Mentiras, no; la hora de la verdad

Llega la hora de la verdad, nunca mejor dicho que poco antes de que este domingo vayamos, espero que de manera mayoritaria, a la cita con las urnas. Tengo la impresión, subjetiva, desde luego, de que esta vez hay en el conjunto del país tanto inquieto interés por el resultado electoral que se puede detectar como un sentimiento colectivo de que es conveniente ir a votar, al menos para evitar lamentos posteriores similares a los de aquella multitud de jóvenes andaluces que salió a la calle a protestar al día siguiente de sus propias elecciones, queriendo así ocultar el hecho de que la mayoría de ellos (y otros muchos ciudadanos) prefirió irse de juerga o dormir la siesta en vez de acudir a votar, con lo que facilitaron que ocurriese lo que ya sabemos.

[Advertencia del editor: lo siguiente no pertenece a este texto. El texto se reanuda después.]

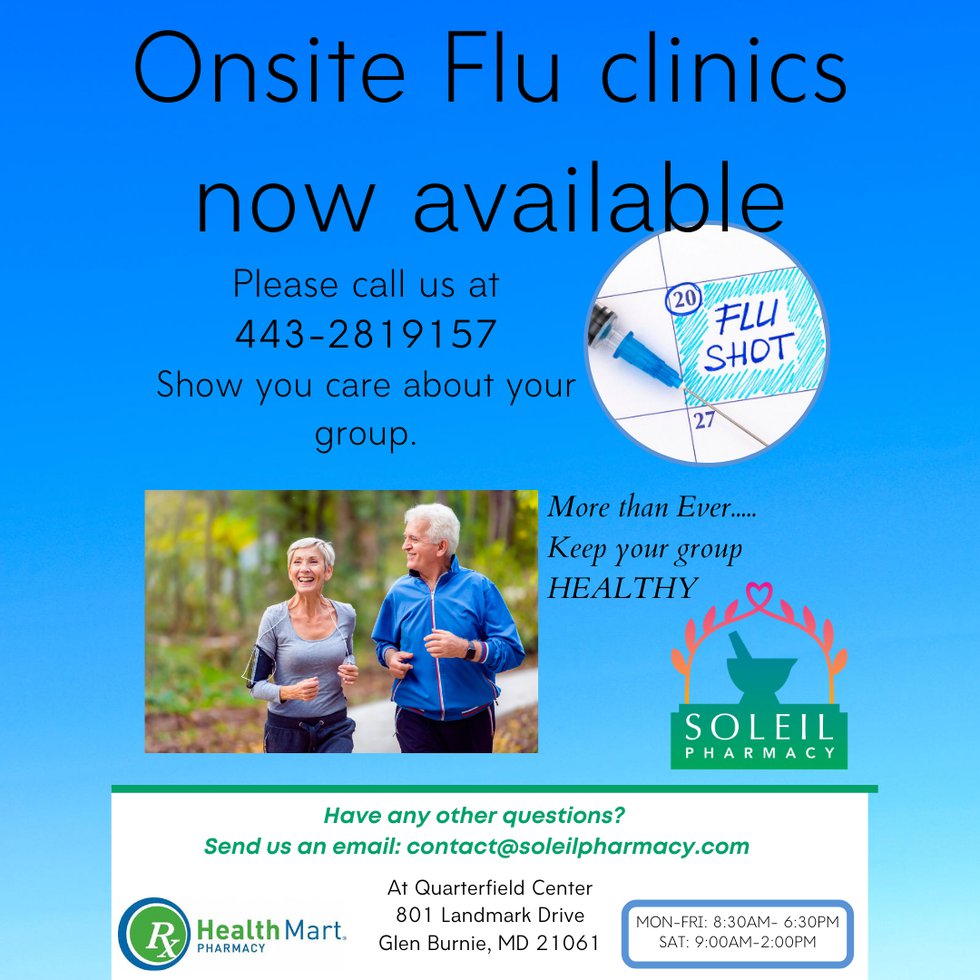 Copy of   For Seniors  final draft Soleil Onsite Flu Clinic flyer 2020.png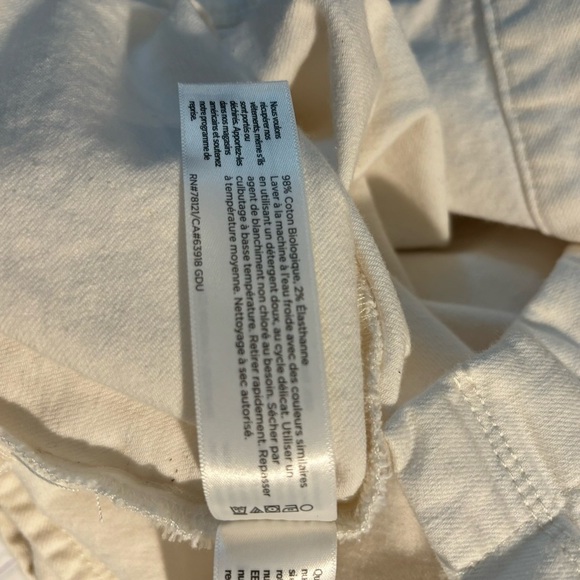 EILEEN FISHER Sz L Shirt Jacket Silver Toned Buttons Patch Pockets Unlined - Picture 11 of 14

      El país, este país nuestro, lleva viviendo muchos meses de inquietud, de desconcierto, con sobresaltos continuos. Cuando parecía que el final de ETA y la superación de la crisis económica podía traernos un periodo de tranquilidad que nos ayudara a diseñar un futuro sosegado, en su lugar nos hemos encontrado con una angustiosa sucesión de calamidades (la corrupción generalizada, la airada irrupción del independentismo catalán, el desconcierto de los grandes partidos, la moción de censura) que sirven de envoltura para llevarnos hasta lo que puede suceder el día de hoy. Asunto que cada cual resolverá, en conciencia, de la manera que considere más oportuna. Maravilloso juego el de la democracia: cómo conseguir que millones de personas, desconocidas entre sí, lleguen a un acuerdo mayoritario suficiente para decidir quiénes han de gobernar en los próximos cuatro años. O menos, si las cosas se vuelven a torcer.
      Los aspirantes a obtener esa confianza no se han esforzado mucho en explicarnos qué pretenden o qué ideas les anima. Entretenidos en descalificarse entre sí han recurrido a la monótona repetición de consignas dogmáticas o al fácil catálogo de propuestas, en su mayor parte irrealizables o carentes del necesario apoyo lógico. Quien quiera, se les puede creer. Los demás, están en su derecho a ser escépticos.
      Durante los últimos tiempos (meses, años quizá) y sobre todo en la campaña que ahora termina, quizá la frase más repetida es la de “no mienta”, “eso es mentira” o alguna de sus variantes. Todos los candidatos, quizá sin excepciones, acusan de manera constante al contrario de mentir en lo que ha dicho. Personalmente tengo mis propios criterios sobre la abundancia y calidad de las mentiras distribuidas e incluso sobre cómo mienten los que acusan al contrario de estar mintiendo. Esto me ha parecido una novedad que, en este caso, se ha prodigado con notable abundancia, supongo que para reafirmación de los fieles adictos y consecuente cabreo de los discrepantes. El problema, al final, es el de siempre, el que importa: saber si los ciudadanos de a pie, los que no estamos en el circo de la política activa, tenemos suficiente capacidad de discernimiento para calibrar de manera más o menos precisa qué es verdad y qué  mentira. O, dicho de otro modo, si disponemos de la necesaria información, seria y equilibrada, para conseguir formar un criterio razonable. En nuestra ayuda venían, antiguamente, articulistas concienzudos capaces de formar opinión. Esa ayuda ha desaparecido y en su lugar asistimos, algunos con verdadero desconcierto, a una maraña de desahogos personales en los que se deslizan las neuras partidistas del firmante sin ninguna preocupación por intentar exponer criterios en los que prime la razón.
      Todo esto y más cosas que podrían decirse, ya no importan. Llega la hora de la verdad y eso sí que es incuestionable. Aunque los perdedores no se la querrán creer.